Another excerpt from Sureshot the Assassin. The boys are sent to train at the famed Fort Stena.
The terrain increased in ruggedness and finally off in the distance, mountains appeared. They were the highest peaks in Dirka, the Stena Mountains. This only increased the men’s anxiousness. They strained for hours to catch a glimpse of the citadel. At long last the mighty fortress appeared as the road came around a turn. The men were awe struck. Never before had they seen such a magnificent structure.
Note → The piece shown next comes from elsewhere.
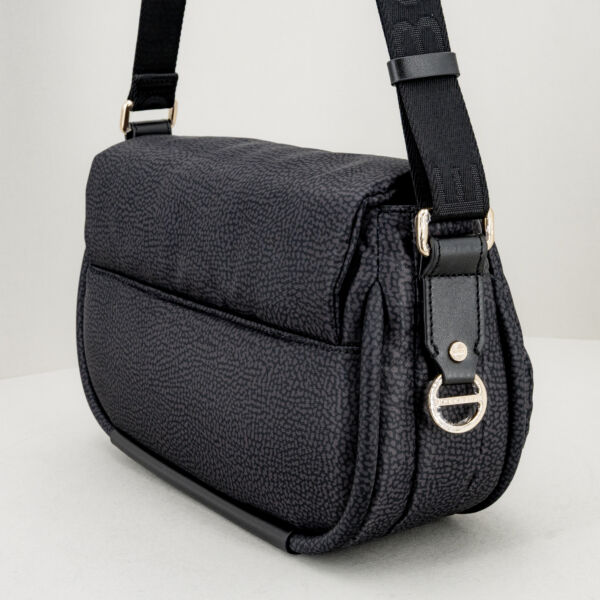 Borbonese borsa cross over tracolla nera, borsa in nylon e dettagli color nero. Tracolla regolabile in tessuto e chiusura con patta e magnete. Borsa pratica. Stefano Ascari spilamberto (mo)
The road they were on led to an enormous citadel built into the side of the mountain. Huge ramparts and towers came up out of the rock and a gigantic iron gate barred entry. A multitude of colored flags danced in the mountain wind, and richly embroidered banners hung from windows and walls. The citadel had a total of six towers and a tall stone wall protecting the western side. The others were protected by the mountain itself. Fort Stena was large enough to house ten thousand soldiers, noblemen and women, and was complete with armorers and weapon smiths. It also had a number of shops and inns for the few people who lived there supporting the fort, and for some of the families of the soldiers there. In fact it was a small city, not much smaller than Harmon.
Stena was the epitome of strength and might. The great fort had never fallen, but had preserved the Dirkan military and royalty through many attacks. The greatest of military leaders in the Dirkan army lived at Stena, where they planned battles as well as defenses. The Dirkan heroes of old once stood there, and it was there that Durbar and Makler were going to train to be as great a warrior as they could be.
Once they saw the mighty fort, it took several more hours before they actually reached it; more than enough time to take in the intimidating view of the structure. By that time Durbar and Makler were overflowing with anticipation, as were the other candidates. Very few people in Dirka ever got the opportunity to train at the great fort and they were among a select few. It was truly an honor.